CONTESTATION DES RESULTATS DES LEGISLATIVES AU SENEGAL : Attention à ne pas réveiller les vieux démons !
Sept millions environ d’électeurs étaient appelés aux urnes, le 31 juillet dernier, pour renouveler 165 sièges de députés répartis en huit listes. Bien que les résultats provisoires ne soient pas encore connus, le pouvoir en place revendique déjà « une victoire sans appel » dans 30 départements sur 46. Comme il fallait s’y attendre, l’Opposition conteste cela et qualifie la revendication du pouvoir de « mensonge ». Ces élections sont importantes pour l’un et l’autre camp, car l’élection présidentielle qui est le principal enjeu, n’est plus loin. Elle est prévue pour 2024, et les législatives actuelles serviront de test. C’est le dernier scrutin avant la prochaine présidentielle. Certains estiment donc qu’il s’agit d’un échauffement. Si le parti du président Macky Sall venait à remporter une victoire écrasante, cela pourrait le conforter dans l’idée de tenter un troisième mandat, puisque, selon ses partisans, la réduction du mandat présidentiel de sept à cinq ans a remis les pendules à zéro. Or, pour l’Opposition, le troisième mandat est la ligne rouge à ne pas franchir. Vu l’importance du scrutin, il est donc tout à fait normal que des voix s’élèvent, ici et là, pour déjà revendiquer la victoire ou pour contester une telle revendication. Au demeurant, contrairement à l’élection présidentielle qui paraît plus simple, les législatives sont, par nature, plus complexes, car il s’agit de comptabiliser les résultats, circonscription par circonscription, et aussi par liste, sans oublier le mode de scrutin qui peut être plus ou moins complexe. Au contraire du scrutin majoritaire à un tour qui est assez simple, s’oppose le scrutin proportionnel qui peut être au plus fort reste ou à la plus forte moyenne. Autant d’éléments qui ne facilitent pas toujours la publication des résultats, et qui peuvent susciter des suspicions. La contestation tend ainsi à être la norme lors des élections législatives.
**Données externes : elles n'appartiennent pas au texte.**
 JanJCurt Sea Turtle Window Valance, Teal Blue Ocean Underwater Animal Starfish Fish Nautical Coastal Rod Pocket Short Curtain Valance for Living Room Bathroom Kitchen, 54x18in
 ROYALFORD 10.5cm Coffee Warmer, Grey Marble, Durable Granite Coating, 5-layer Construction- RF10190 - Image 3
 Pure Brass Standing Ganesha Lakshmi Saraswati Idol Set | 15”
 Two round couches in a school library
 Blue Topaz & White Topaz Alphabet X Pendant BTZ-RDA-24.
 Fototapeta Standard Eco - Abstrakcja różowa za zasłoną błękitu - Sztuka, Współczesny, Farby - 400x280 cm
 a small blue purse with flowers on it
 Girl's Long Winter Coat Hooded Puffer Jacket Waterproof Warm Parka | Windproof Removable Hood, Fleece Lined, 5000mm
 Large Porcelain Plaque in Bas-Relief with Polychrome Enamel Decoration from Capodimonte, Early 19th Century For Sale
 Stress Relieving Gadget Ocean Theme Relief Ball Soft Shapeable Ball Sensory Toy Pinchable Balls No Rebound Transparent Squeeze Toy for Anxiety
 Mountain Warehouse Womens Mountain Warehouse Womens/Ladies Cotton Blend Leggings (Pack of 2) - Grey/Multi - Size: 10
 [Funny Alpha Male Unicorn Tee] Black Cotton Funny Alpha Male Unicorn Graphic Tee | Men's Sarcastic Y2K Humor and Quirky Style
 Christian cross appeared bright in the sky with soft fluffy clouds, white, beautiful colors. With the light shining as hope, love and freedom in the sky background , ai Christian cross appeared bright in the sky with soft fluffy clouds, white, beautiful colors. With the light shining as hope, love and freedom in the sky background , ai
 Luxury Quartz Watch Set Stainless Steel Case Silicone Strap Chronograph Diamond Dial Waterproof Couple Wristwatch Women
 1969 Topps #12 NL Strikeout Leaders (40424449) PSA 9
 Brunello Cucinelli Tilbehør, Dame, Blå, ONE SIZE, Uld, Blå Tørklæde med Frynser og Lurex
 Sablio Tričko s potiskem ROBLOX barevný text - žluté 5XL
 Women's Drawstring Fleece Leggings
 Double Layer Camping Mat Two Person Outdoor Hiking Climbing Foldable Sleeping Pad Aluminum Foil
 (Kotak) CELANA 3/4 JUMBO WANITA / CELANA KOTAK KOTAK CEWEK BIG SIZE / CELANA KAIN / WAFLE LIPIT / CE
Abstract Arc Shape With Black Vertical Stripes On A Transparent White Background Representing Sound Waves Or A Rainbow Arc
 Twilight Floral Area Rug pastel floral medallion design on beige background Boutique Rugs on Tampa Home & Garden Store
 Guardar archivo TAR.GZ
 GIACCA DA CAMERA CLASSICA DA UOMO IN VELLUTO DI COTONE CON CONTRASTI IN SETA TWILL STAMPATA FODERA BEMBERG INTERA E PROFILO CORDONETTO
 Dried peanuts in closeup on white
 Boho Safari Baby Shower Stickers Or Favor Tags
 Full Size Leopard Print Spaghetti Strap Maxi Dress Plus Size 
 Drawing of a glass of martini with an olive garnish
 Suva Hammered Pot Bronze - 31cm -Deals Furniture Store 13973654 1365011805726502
Il est à espérer que la raison prévaudra dans chaque camp
Le Sénégal n’a pas encore connu de coup d’Etat, mais il est coutumier des violences électorales, ce, depuis le départ du pouvoir du président Léopold Sédar Senghor. Sous la présidence d’Abdou Diouf, Abdoulaye Wade, dans l’Opposition, était passé maître dans la contestation des résultats électoraux. Cette tradition semble malheureusement se poursuivre et les présentes élections n’ont pas vraiment fait exception. Il est vrai que le vote s’est déroulé « dans la paix et la discipline » comme le souligne la Commission électorale nationale autonome (CENA), mais il y a eu des violences préélectorales à la suite des manifestations organisées par l’Opposition pour protester contre l’invalidation de certaines listes, et principalement contre l’invalidation de la candidature d’Ousmane Sonko, principal leader de l’Opposition. Qu’en sera-t-il après la proclamation des résultats provisoires par la CENA ? C’est le « wait and see ». Il est à espérer que la raison prévaudra dans chaque camp et que les troubles et les violences seront évités. Dans la situation actuelle, le Sénégal a d’autres préoccupations que de panser des plaies résultant de violences postélectorales. Le conflit Russie-Ukraine a entraîné des difficultés d’approvisionnement non seulement en blé, mais aussi en engrais. Ce qui peut affecter la rentabilité des prochaines récoltes agricoles. En outre, la situation politique au Mali, qui avait entraîné la fermeture des frontières de ce pays avec les pays de la CEDEAO, a eu un effet négatif sur les résultats du port de Dakar, principal débouché maritime du Mali, et de façon générale, sur l’économie sénégalaise. L’intérêt général exige donc de se concentrer sur le redressement et la consolidation de l’économie du Sénégal plutôt que de se livrer à des contestations violentes des élections, qui ne feront qu’aggraver la situation économique du pays. Les Sénégalais ont donc intérêt à veiller à ne pas réveiller les vieux démons.